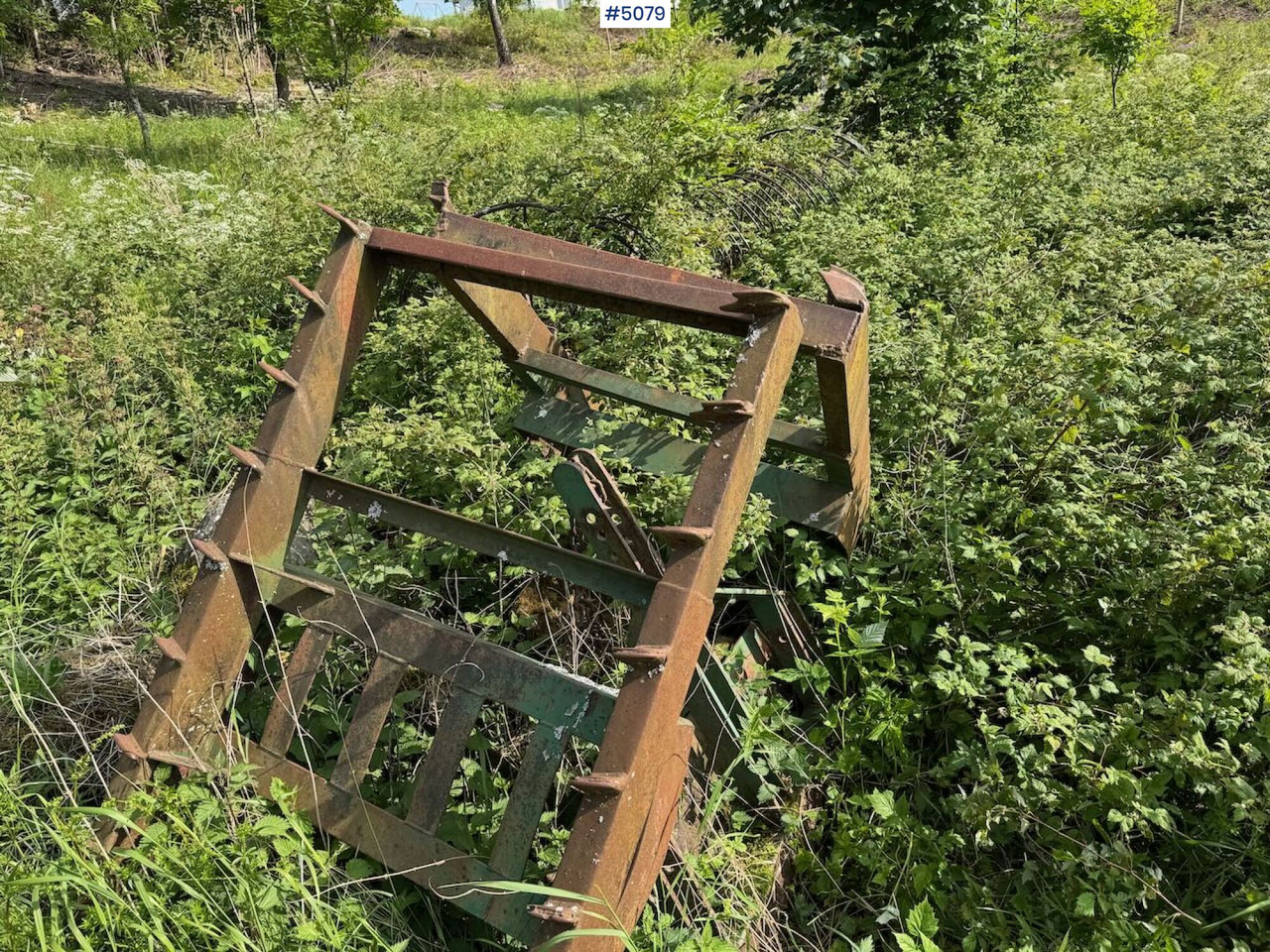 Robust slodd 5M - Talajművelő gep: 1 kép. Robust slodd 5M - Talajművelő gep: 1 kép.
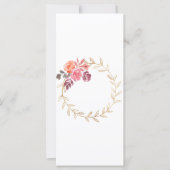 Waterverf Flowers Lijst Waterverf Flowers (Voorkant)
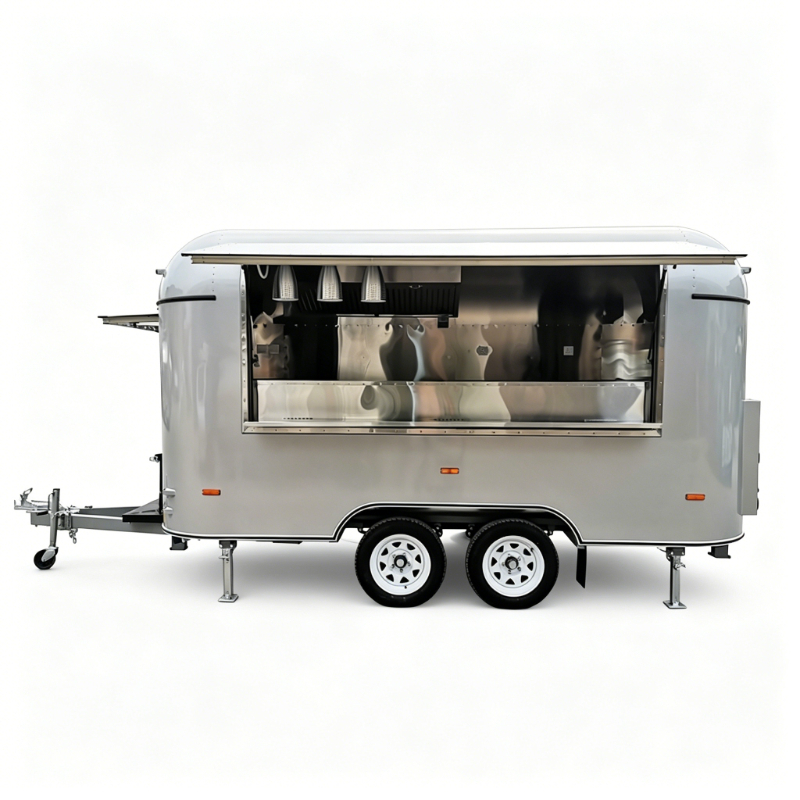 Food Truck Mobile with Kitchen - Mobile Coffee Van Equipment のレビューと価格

#### Aim of the task:
Retype, word for word, only the lines from the line with "Waterverf Flowers Lijst" to the final line of the listing above; the pictures do not belong in the copy.

#### Response area:
 Waterverf Flowers Lijst Waterverf Flowers (Voorkant)
 Food Truck Mobile with Kitchen - Mobile Coffee Van Equipment のレビューと価格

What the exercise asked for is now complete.